'''

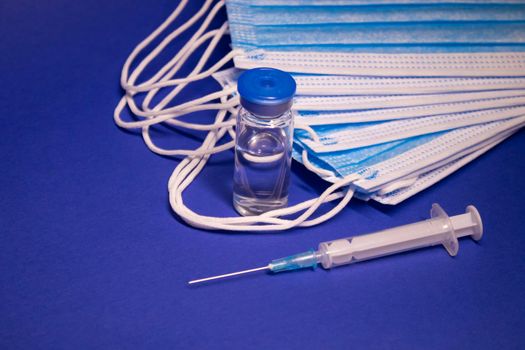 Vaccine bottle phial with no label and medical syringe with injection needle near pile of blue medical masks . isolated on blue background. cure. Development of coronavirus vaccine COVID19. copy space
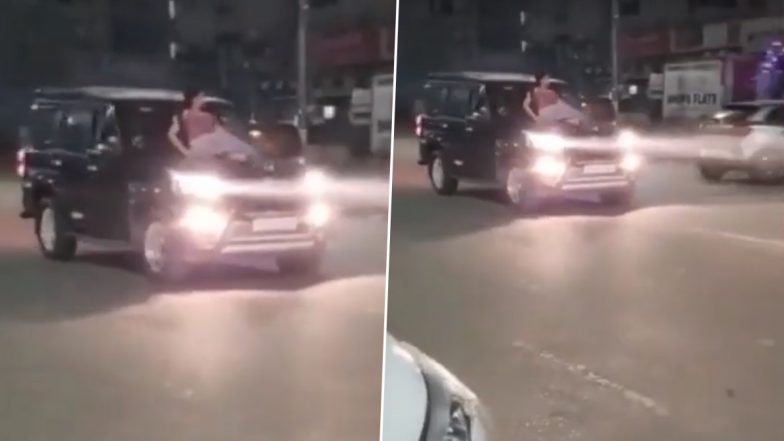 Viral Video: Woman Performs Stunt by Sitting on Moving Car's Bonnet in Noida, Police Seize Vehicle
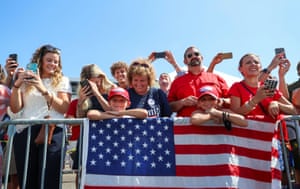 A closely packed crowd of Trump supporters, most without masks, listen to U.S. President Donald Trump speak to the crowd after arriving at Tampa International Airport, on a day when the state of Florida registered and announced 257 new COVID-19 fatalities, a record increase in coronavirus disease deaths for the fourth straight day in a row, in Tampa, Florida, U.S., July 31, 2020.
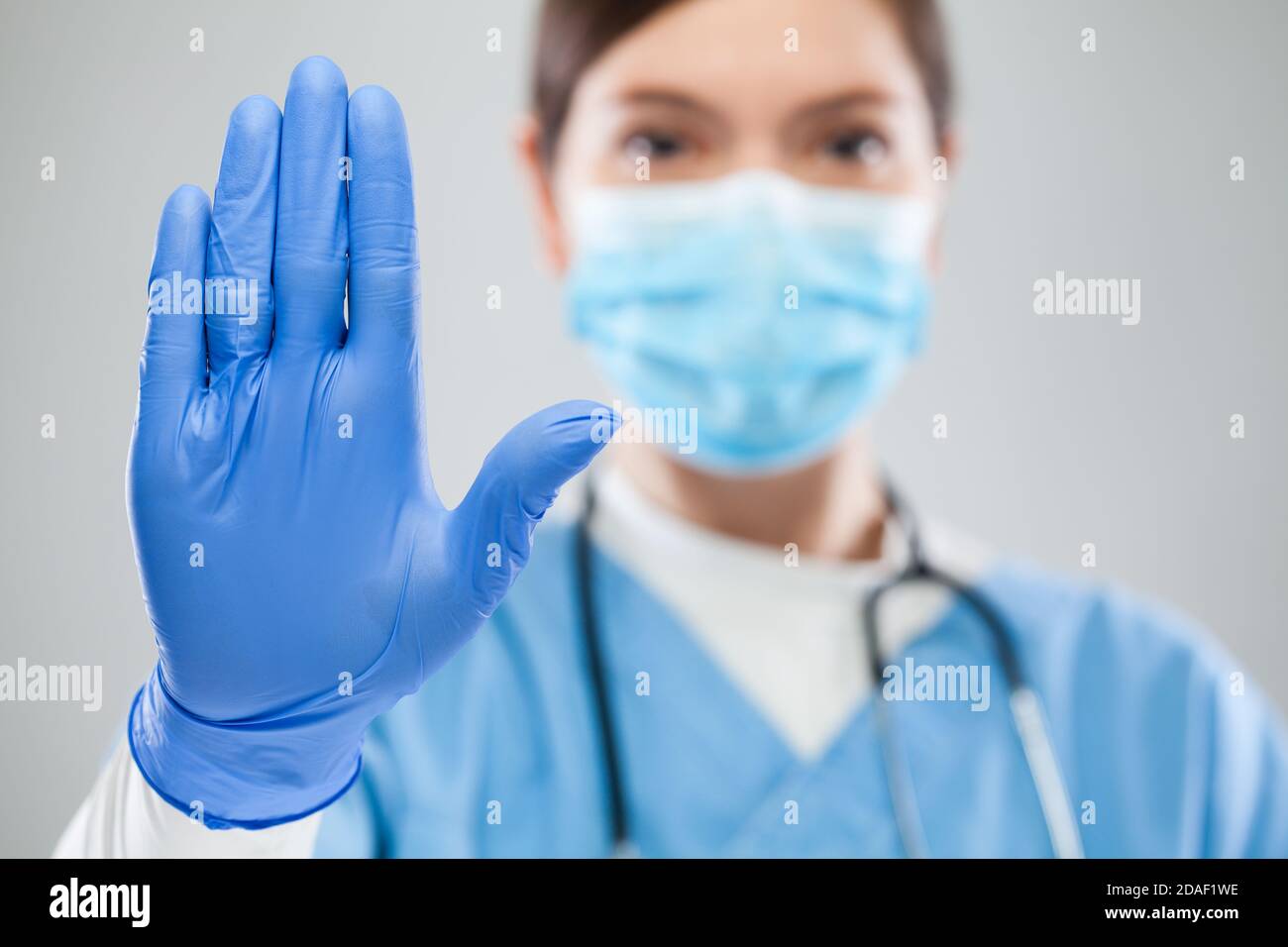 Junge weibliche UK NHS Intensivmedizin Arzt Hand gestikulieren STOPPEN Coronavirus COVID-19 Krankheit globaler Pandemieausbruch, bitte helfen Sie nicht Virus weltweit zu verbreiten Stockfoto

'''

• **Required action**: Exact repetition of each line above is expected; images are to be omitted.

• **Output for this exercise**:
 Vaccine bottle phial with no label and medical syringe with injection needle near pile of blue medical masks . isolated on blue background. cure. Development of coronavirus vaccine COVID19. copy space
 Viral Video: Woman Performs Stunt by Sitting on Moving Car's Bonnet in Noida, Police Seize Vehicle
 A closely packed crowd of Trump supporters, most without masks, listen to U.S. President Donald Trump speak to the crowd after arriving at Tampa International Airport, on a day when the state of Florida registered and announced 257 new COVID-19 fatalities, a record increase in coronavirus disease deaths for the fourth straight day in a row, in Tampa, Florida, U.S., July 31, 2020.
 Junge weibliche UK NHS Intensivmedizin Arzt Hand gestikulieren STOPPEN Coronavirus COVID-19 Krankheit globaler Pandemieausbruch, bitte helfen Sie nicht Virus weltweit zu verbreiten Stockfoto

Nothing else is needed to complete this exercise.